Procedure: How to Configure the Hadoop/Hive Adapter

You can configure the adapter from either the Web Console or the Data Management Console.

  1. From the Web Console sidebar, click Connect to Data.

    or

    From the Data Management Console, expand the Adapters folder.

    In the DMC, the Adapters folder opens. In the Web Console, the Adapters page opens showing your configured adapters.

  2. In the Web Console, click the New Datasource button on the menu bar and find the adapter on the page or, in the DMC, expand the Available folder if it is not already expanded.
    On the Web Console, you can select a category of adapter from the drop-down list or use the search option (magnifying glass) to search for specific characters.
  3. In the DMC, expand the appropriate group folder and the specific adapter folder. The group folder is described in the connection attributes reference.
  4. Right-click Apache Hive and click Configure.
  5. In the URL box, type the URL used to connect to your Hive server.

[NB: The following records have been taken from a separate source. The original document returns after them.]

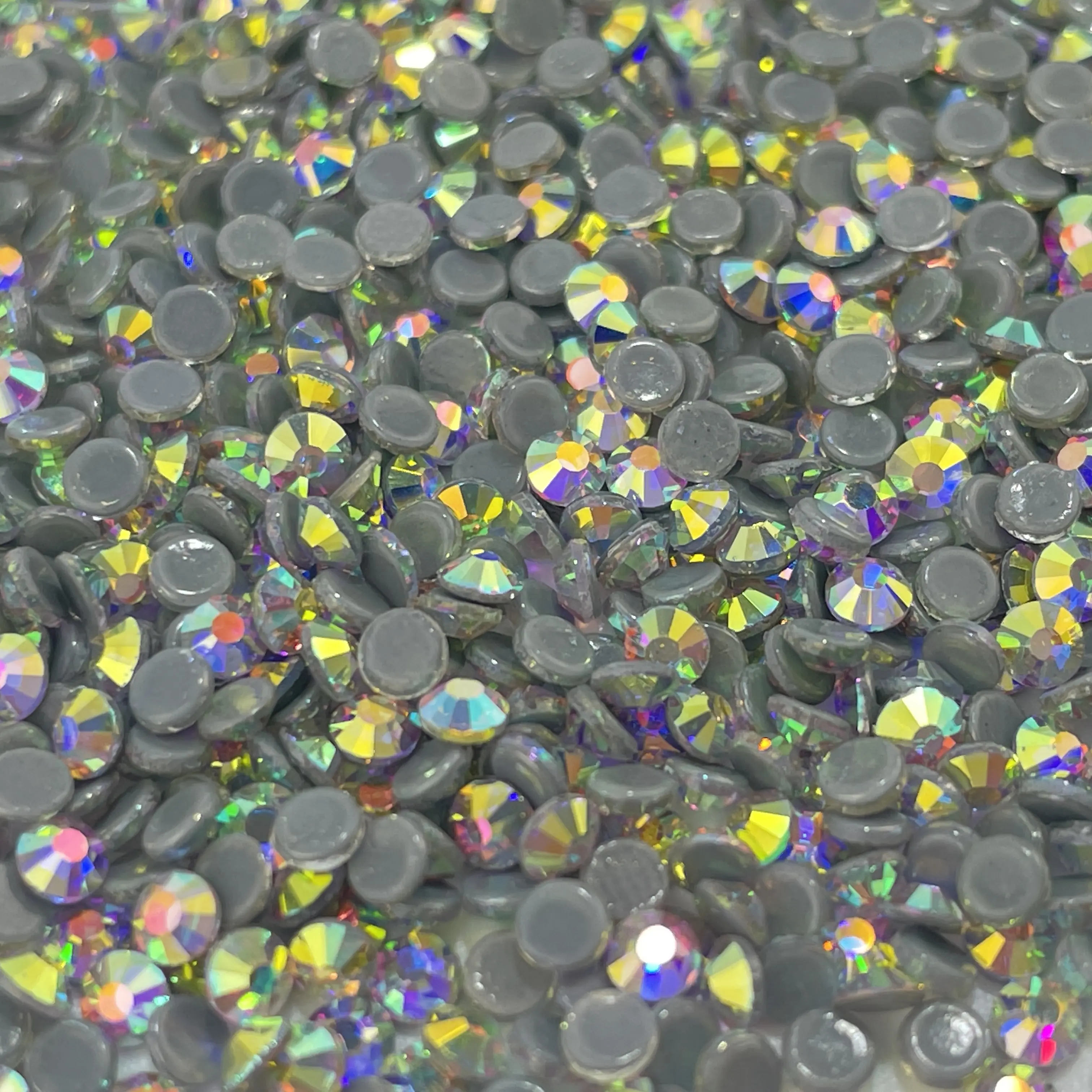 ASFA201 Crystal AB Round Flat Back Hot Fix Rhinestones, 1440Pcs SS12 Shiny Iron-On Rhinestones for Handmade Clothing Decoration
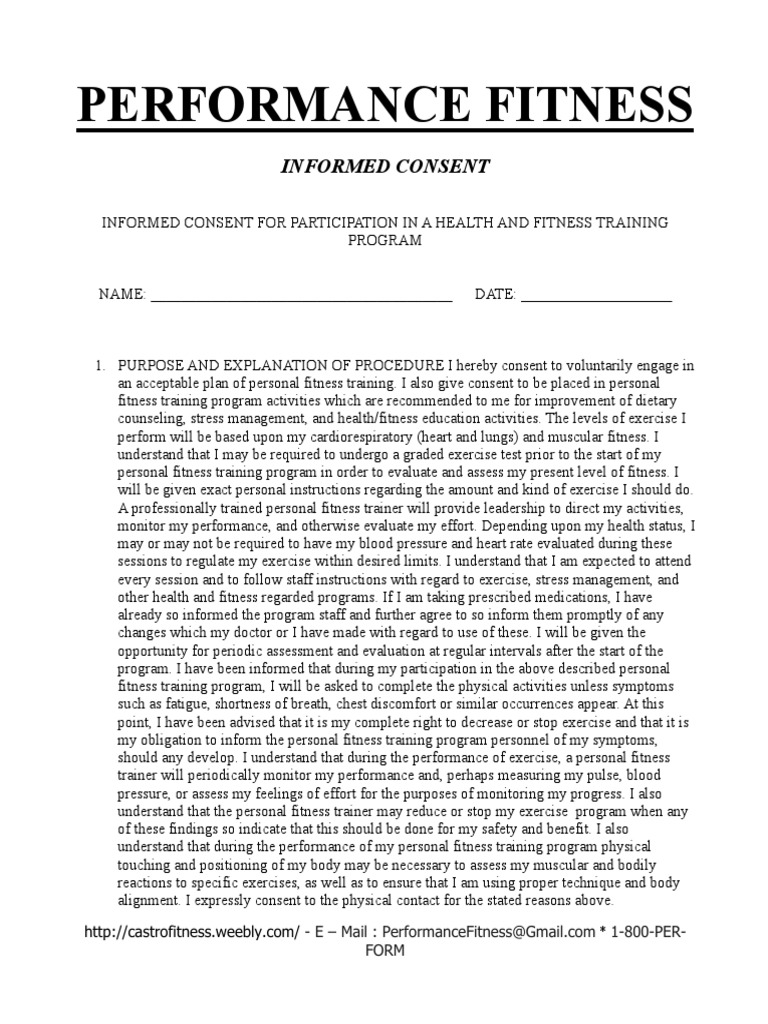 Performance Fitness Informed Consent | PDF | Physical Fitness ...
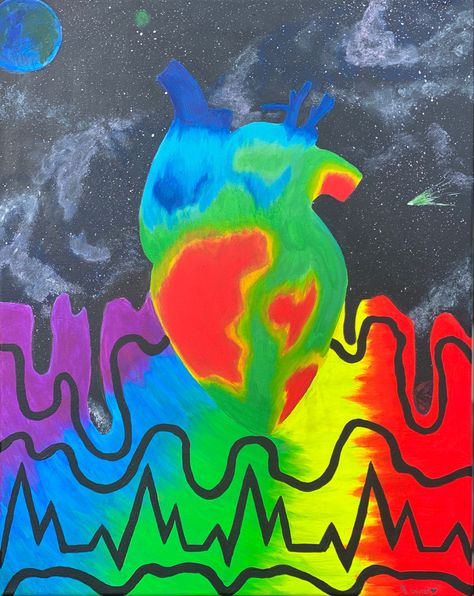 Glow in the dark neon heat map galaxy heart beat painting created with acrylic paint Galaxy Heart, Map Heart, Heat Map, Heart Map, Heart Beat, In A Heartbeat, In The Dark, Acrylic Paint, Glow In The Dark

For more information, see Hive/Impala Adapter Configuration Settings.
  6. In the Driver Name box, type the driver name from the following table:

    Driver

    JDBC Driver Name

    Apache Hive

    org.apache.hive.jdbc.HiveDriver

    Cloudera/Simba

    com.cloudera.hive.jdbc41.HS2Driver
  7. Select the security type. If you are using Explicit, type your user ID and password.

    The following image shows an example of the configuration settings used:


    Apache Hive configuration
  8. Select edasprof from the Select profile drop-down menu to add this connection for all users, or select a user profile.
  9. Click Test. You should see a list of data sources on your server.
  10. Click Configure.


Reference: Hive Adapter Configuration Settings

The Adapter for Hadoop/Hive is under the SQL group folder.

Connection name

Logical name used to identify this particular set of connection attributes. The default is CON01.

URL

Is the URL to the location of the data source.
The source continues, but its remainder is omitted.